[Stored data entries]
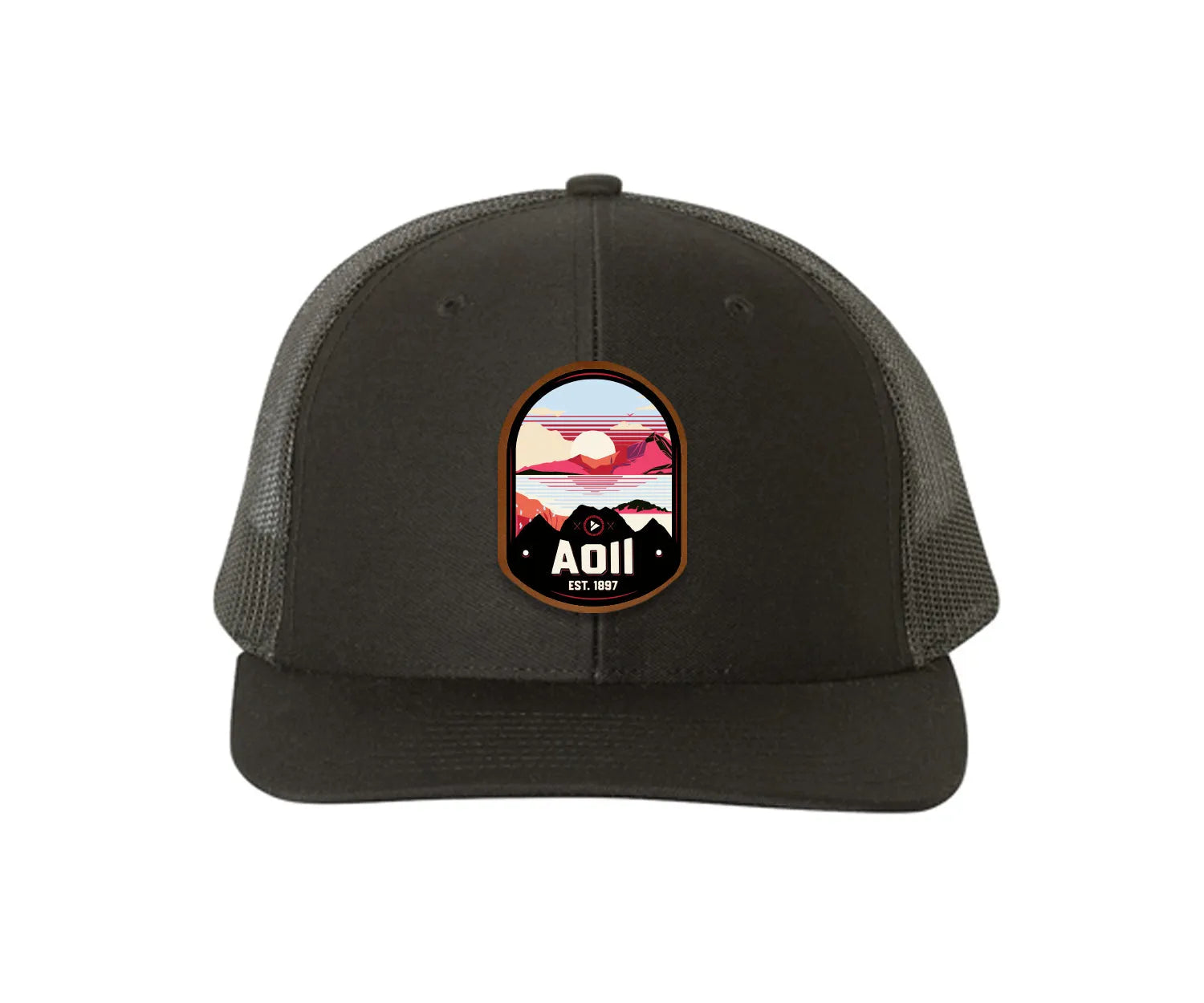Alpha Omicron Pi Richardson 112 UV Print Leatherette Patch Trucker Hat - Ventura Black Black Trucker Hat
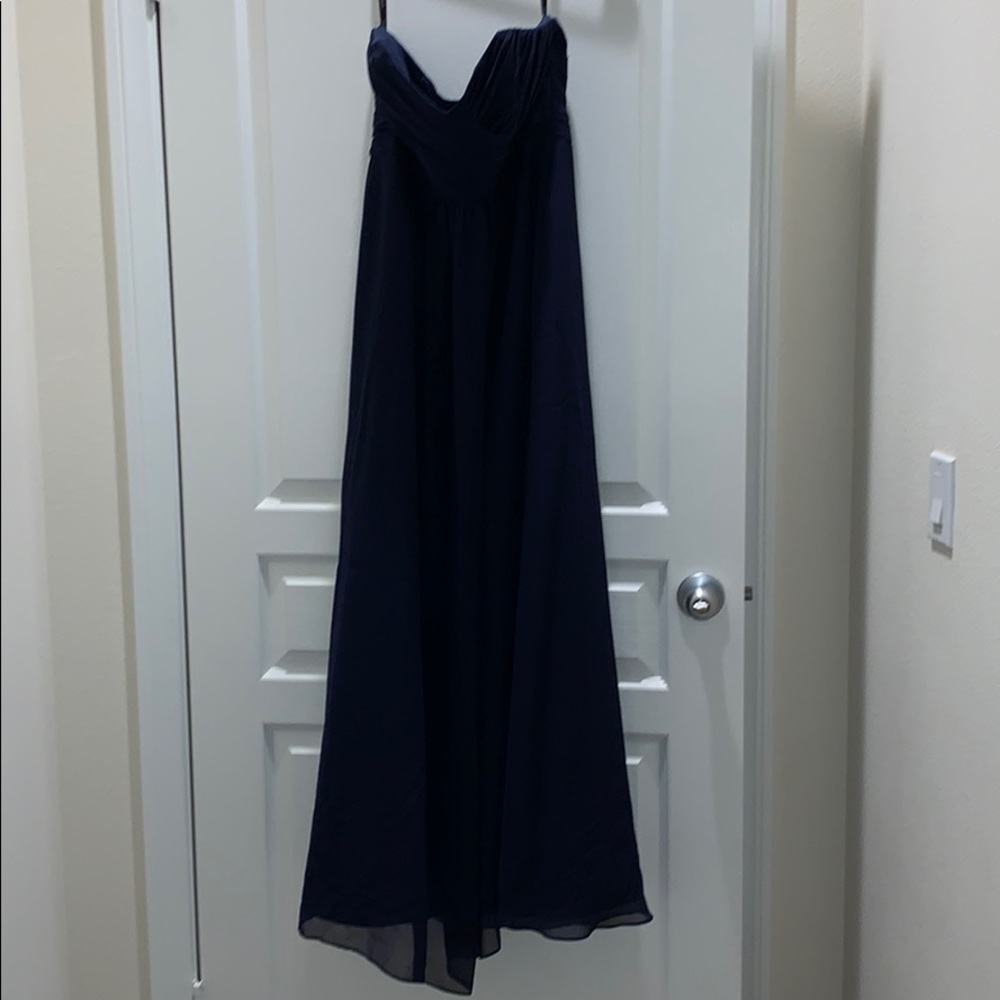 Strapless navy Alfred Angelo Bridesmaid dress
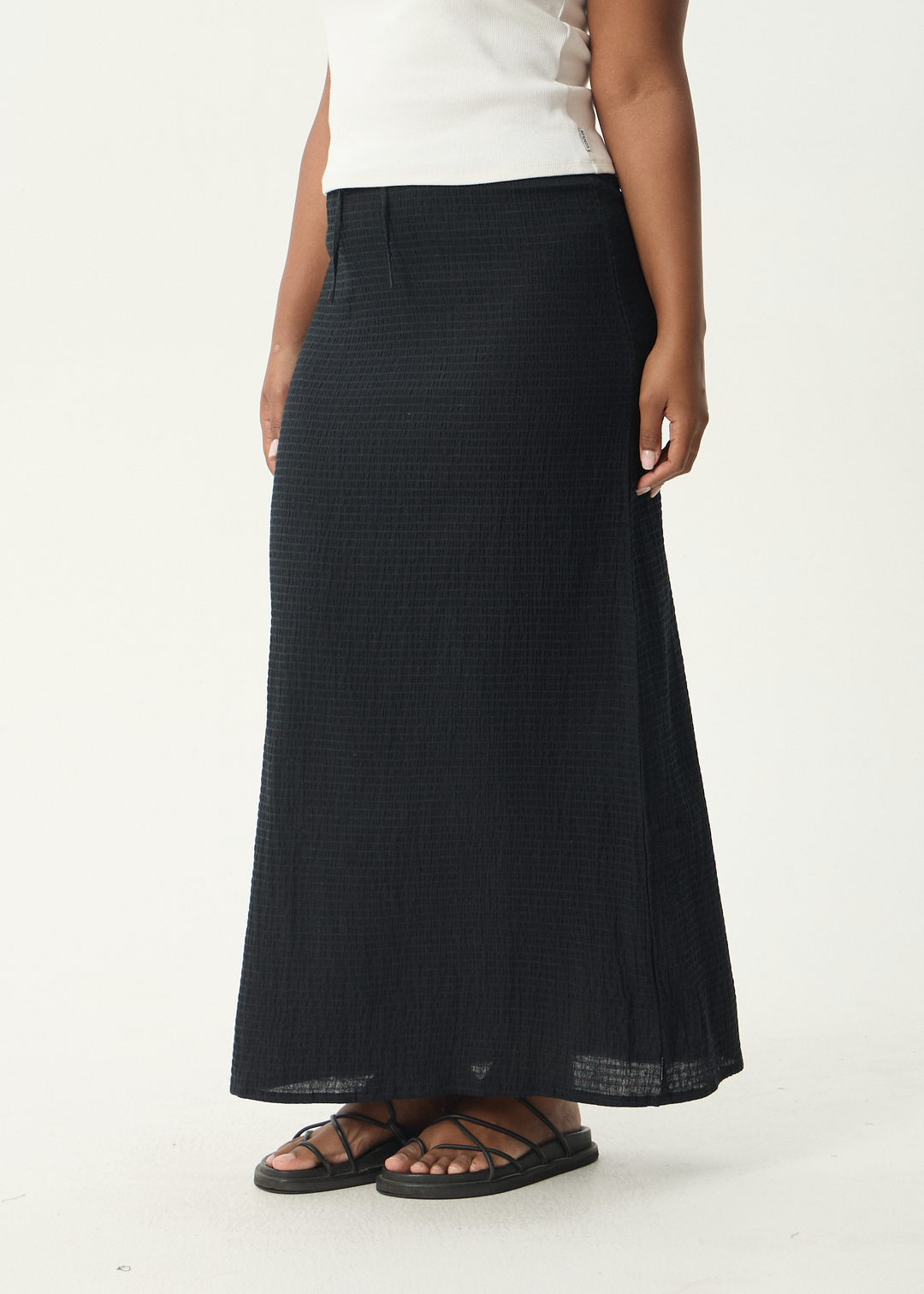 AFENDS Womens Focus - Seersucker Maxi Skirt - Black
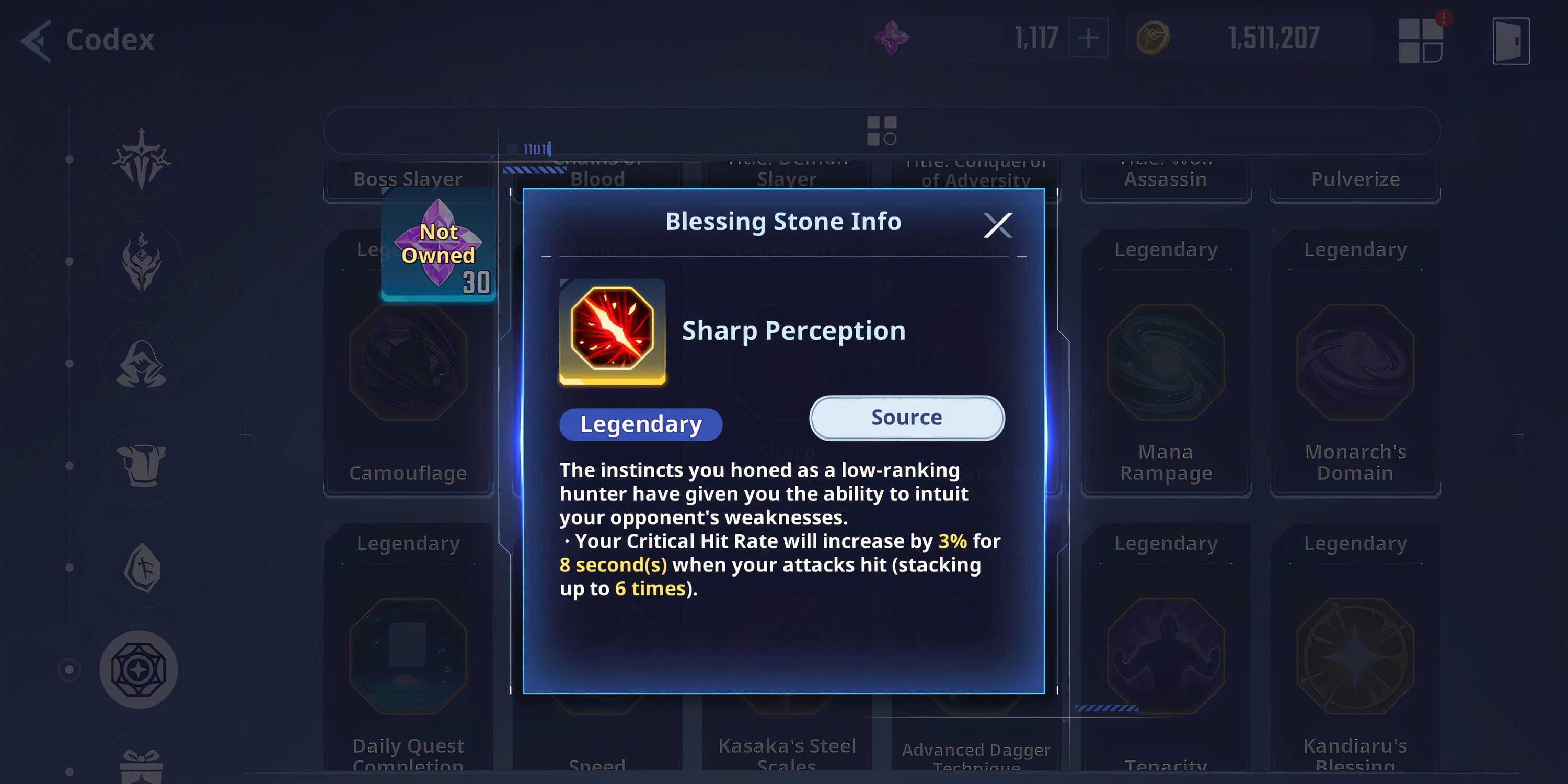 Sharp perception's abilty to boost crit rate in Solo Leveling Arise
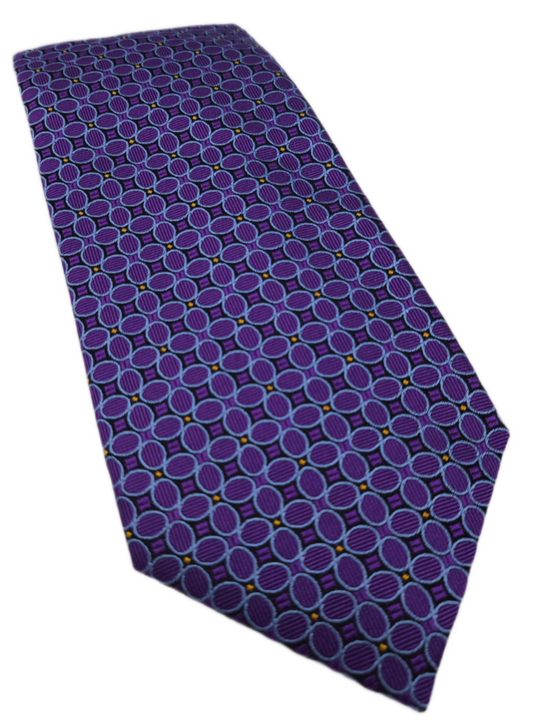 Charles Tyrwhitt Silk Tie Mens Purple Geometric Pattern Classic Y2k Necktie BX13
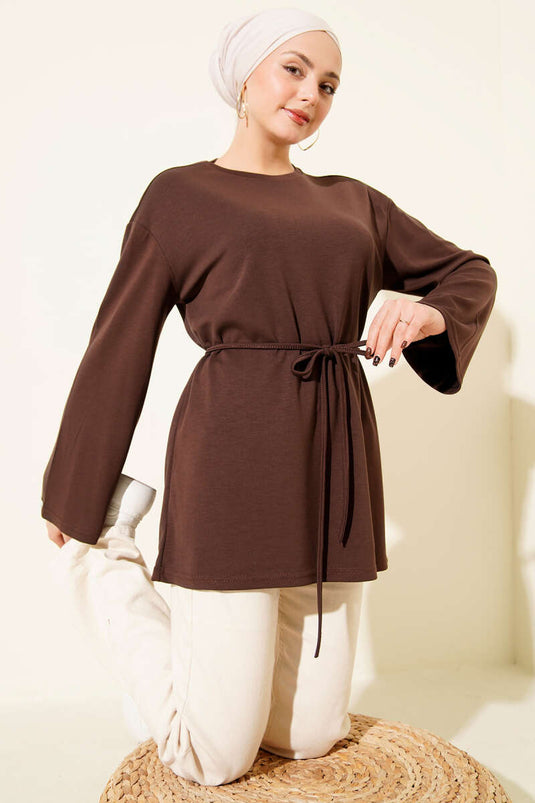 Sleeve Emblem Loisha Belted Tunic, Brown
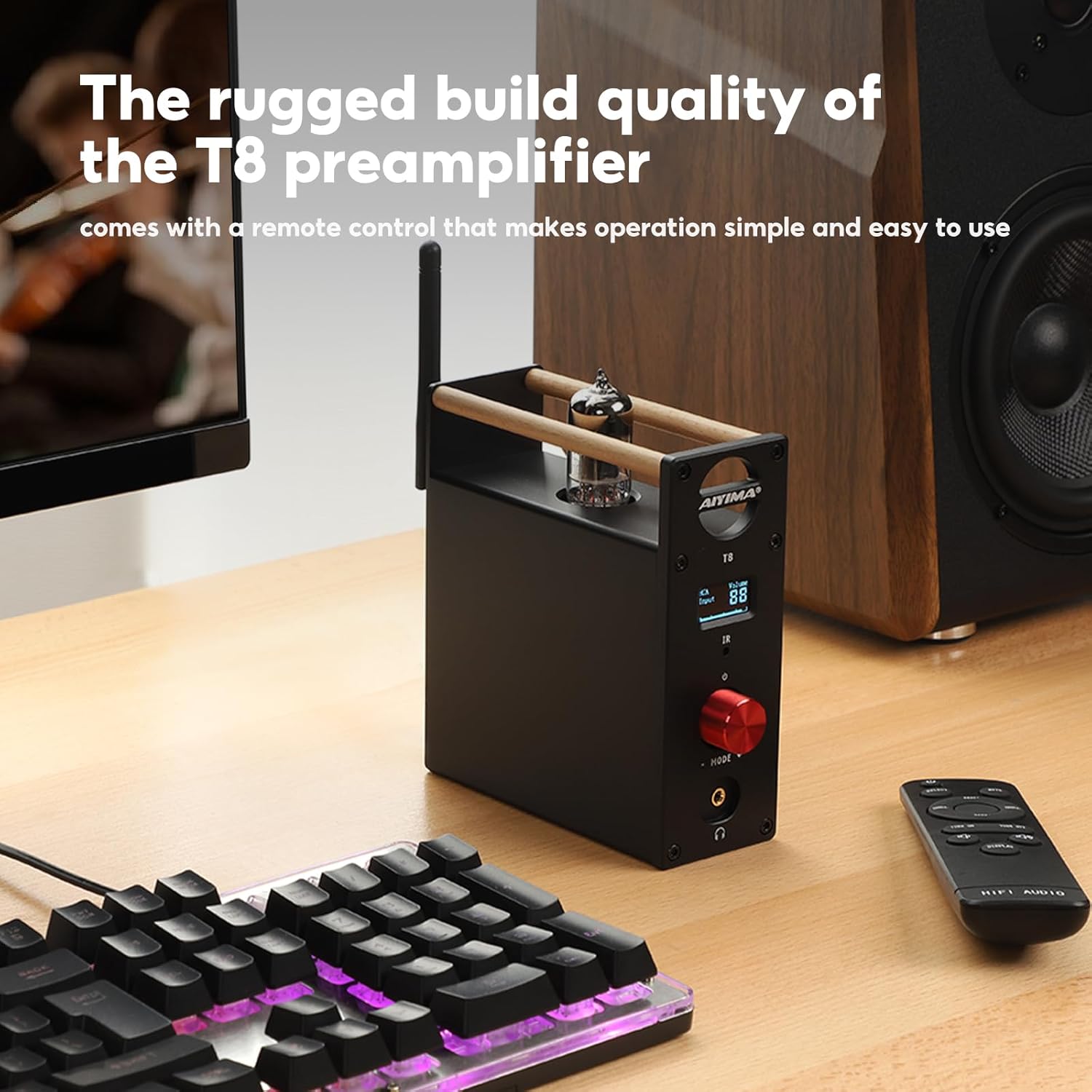 AIYIMA T8 6N3 Digital Tube Preamplifier Bluetooth 5.0 Hi-Fi Headphone Preamp Decoder Preamp PC-USB DAC APTX for Home Wireless Receiver Audio Stereo Amplifier + with Remote Control - Image 7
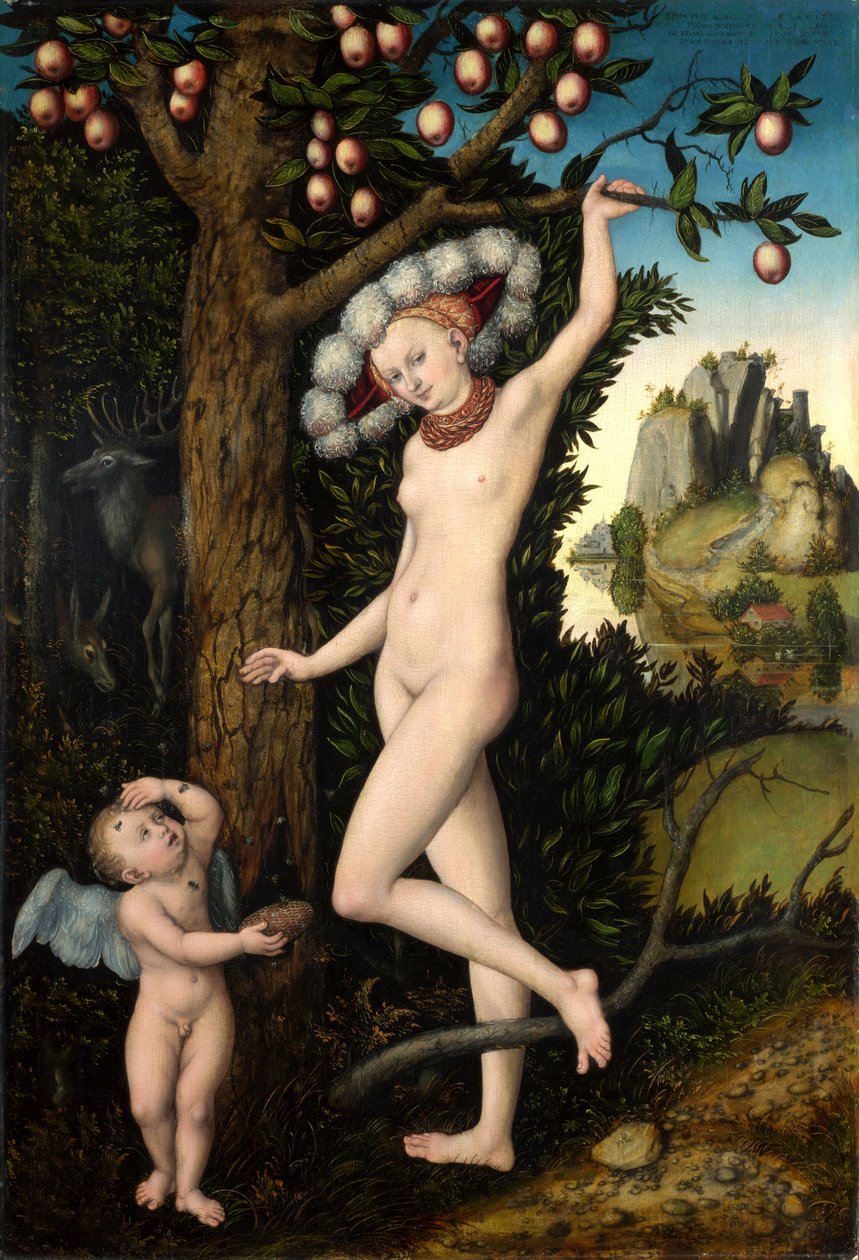 Tysk: Amor beklagt sich bei Venus Amor klager til Venus af Lucas Cranach the Elder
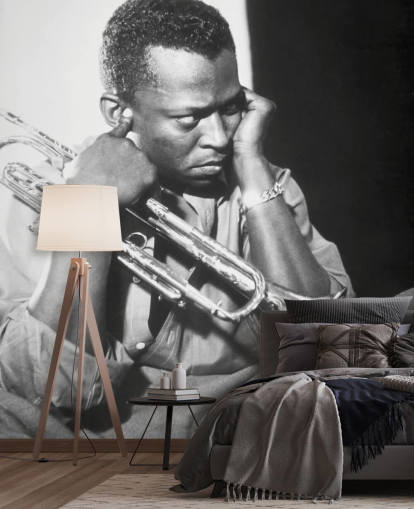papier peint mural de musicien de jazz en noir et blanc appelé Miles Davis pour les clubs, les salles et les écoles papier peint mural de musicien de jazz en noir et blanc appelé Miles Davis pour les clubs, les salles et les écoles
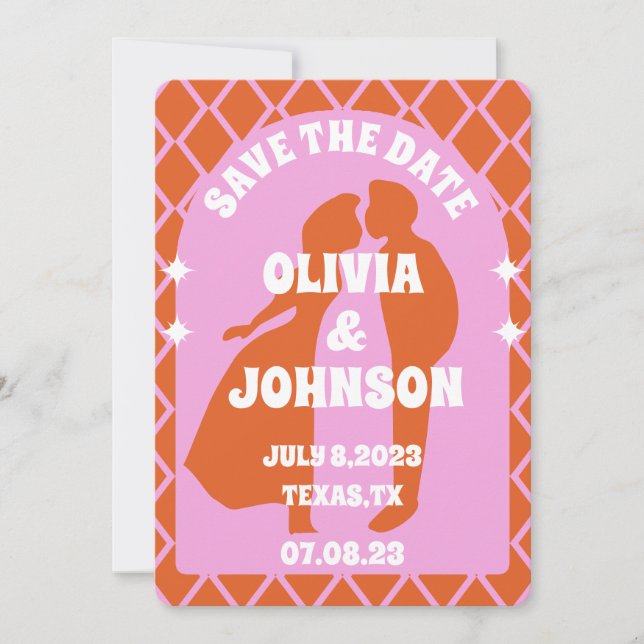 Save The Date Moderne Rose Orange Rétro Boho Arch Date Bold (Devant)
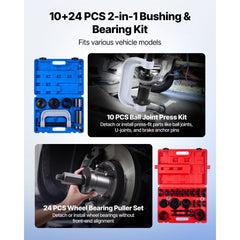 Bearing Press Kit, 10+24 Pcs, 2 in 1 Ball Joint Press & Wheel Bearing Puller Kit, Race and Seal Driver Set with 13 Bushings, C-Frame and Sleeves, Heavy Duty Removal Installation Set with Case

● What the task asks: Each entry is to be returned as it stands, and each picture is to be left out.

● Response area:
Alpha Omicron Pi Richardson 112 UV Print Leatherette Patch Trucker Hat - Ventura Black Black Trucker Hat
 Strapless navy Alfred Angelo Bridesmaid dress
 AFENDS Womens Focus - Seersucker Maxi Skirt - Black
 Sharp perception's abilty to boost crit rate in Solo Leveling Arise
 Charles Tyrwhitt Silk Tie Mens Purple Geometric Pattern Classic Y2k Necktie BX13
 Sleeve Emblem Loisha Belted Tunic, Brown
 AIYIMA T8 6N3 Digital Tube Preamplifier Bluetooth 5.0 Hi-Fi Headphone Preamp Decoder Preamp PC-USB DAC APTX for Home Wireless Receiver Audio Stereo Amplifier + with Remote Control - Image 7
 Tysk: Amor beklagt sich bei Venus Amor klager til Venus af Lucas Cranach the Elder
papier peint mural de musicien de jazz en noir et blanc appelé Miles Davis pour les clubs, les salles et les écoles papier peint mural de musicien de jazz en noir et blanc appelé Miles Davis pour les clubs, les salles et les écoles
 Save The Date Moderne Rose Orange Rétro Boho Arch Date Bold (Devant)
 Bearing Press Kit, 10+24 Pcs, 2 in 1 Ball Joint Press & Wheel Bearing Puller Kit, Race and Seal Driver Set with 13 Bushings, C-Frame and Sleeves, Heavy Duty Removal Installation Set with Case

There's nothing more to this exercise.